- Born: 1968 (age 57–58) India
- Education: Rockefeller University
- Occupation: Biophysicist

= G.V. Shivashankar =

G.V. Shivashankar (born 1968) is an Indian biophysicist working in the field of Mechanobiology. His research focuses on understanding the coupling between cell mechanics and genome organization for the regulation of cell homeostasis and cell state transitions. In addition his group also developed imaging-AI based chromatin biomarkers as fingerprints for cells in health and disease. Towards this, his group employs multi-scale correlative bio-imaging methods combined with bioengineered interfaces, functional genomics, theoretical modeling, and machine learning. He currently holds a full professorship for Mechano-Genomics at the Department of Health Sciences and Technology at ETH Zurich and he also heads the Laboratory of Nanoscale Biology at the Paul Scherrer Institute.

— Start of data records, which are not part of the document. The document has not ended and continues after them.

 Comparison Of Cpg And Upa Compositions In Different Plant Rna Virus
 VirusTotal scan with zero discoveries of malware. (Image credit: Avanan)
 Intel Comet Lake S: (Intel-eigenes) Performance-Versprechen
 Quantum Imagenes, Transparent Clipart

== Education and career ==
Shivashankar was born in 1968 in India, where he began his academic career studying physics at Bangalore University. After graduating with a Bachelor of Science in 1988, he was a research fellow at the Indian Institute of Science, Bangalore. He then joined the NEC Laboratories America, Princeton formally known as the NEC Research Institute and Rutgers University, where he obtained a master's degree in engineering in 1994. Subsequently, Shivashankar joined the Rockefeller University, where he obtained his Ph.D. in Biophysics under the supervision of Albert J. Libchaber in 1999. In his doctoral thesis, Shivashankar developed new ways to combine single-molecule micromanipulation methods, thereby enabling novel insights into DNA-protein interactions.

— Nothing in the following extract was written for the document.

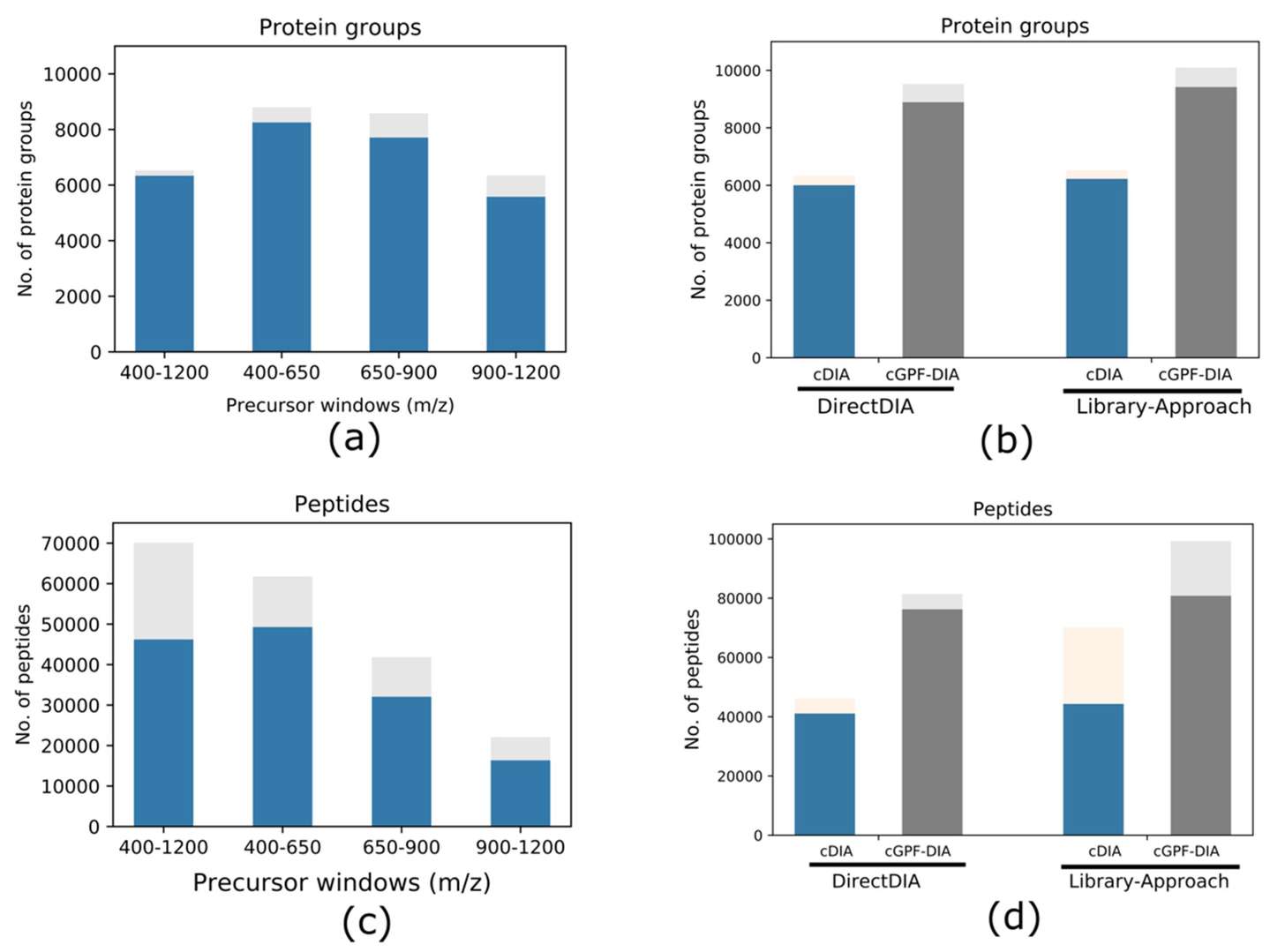 Protein groups identified from cDIA vs cGPF-DIA approaches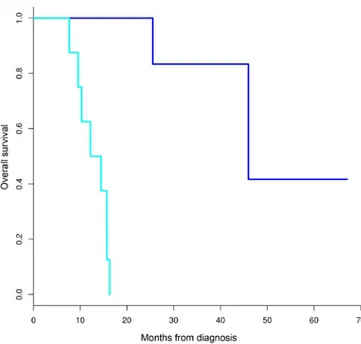 Figure 4. Based on 25 months as the cut-off value, patients were divided  into two subgroups, with long (&gt;25 months) and short overall survival  (&lt;25 months), respectively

After obtaining his Ph.D., Shivashankar spent one year as a scientist at NEC Laboratories America, Princeton, before joining the National Center for Biological Sciences (NCBS) Tata Institute of Fundamental Research (TIFR) as an Assistant Professor and the Raman Research Institute in Bangalore as a visiting scientist. Shivashankar obtained tenure at NCBS-TIFR in 2004. In 2010, he relocated to the Department of Biological Sciences at the National University of Singapore (NUS), where he served as the deputy director of the Mechanobiology Institute (2011–2019) and held a chair professorship between NUS and the FIRC Institute of Molecular Oncology (IFOM) (2014–2019). Since 2020 Shivashankar holds a full professorship for Mechano-Genomics jointly between ETH Zurich and the Paul Scherrer Institute.

== Recognition and awards ==
Shivashankar received various awards for his scientific achievements including the BM Birla Prize in 2006 and the Swarnajayanthi Fellowship in 2007. In 2010 he was elected as a Fellow of the Indian Academy of Sciences and in 2019 as a member of the European Molecular Biology Organization (EMBO).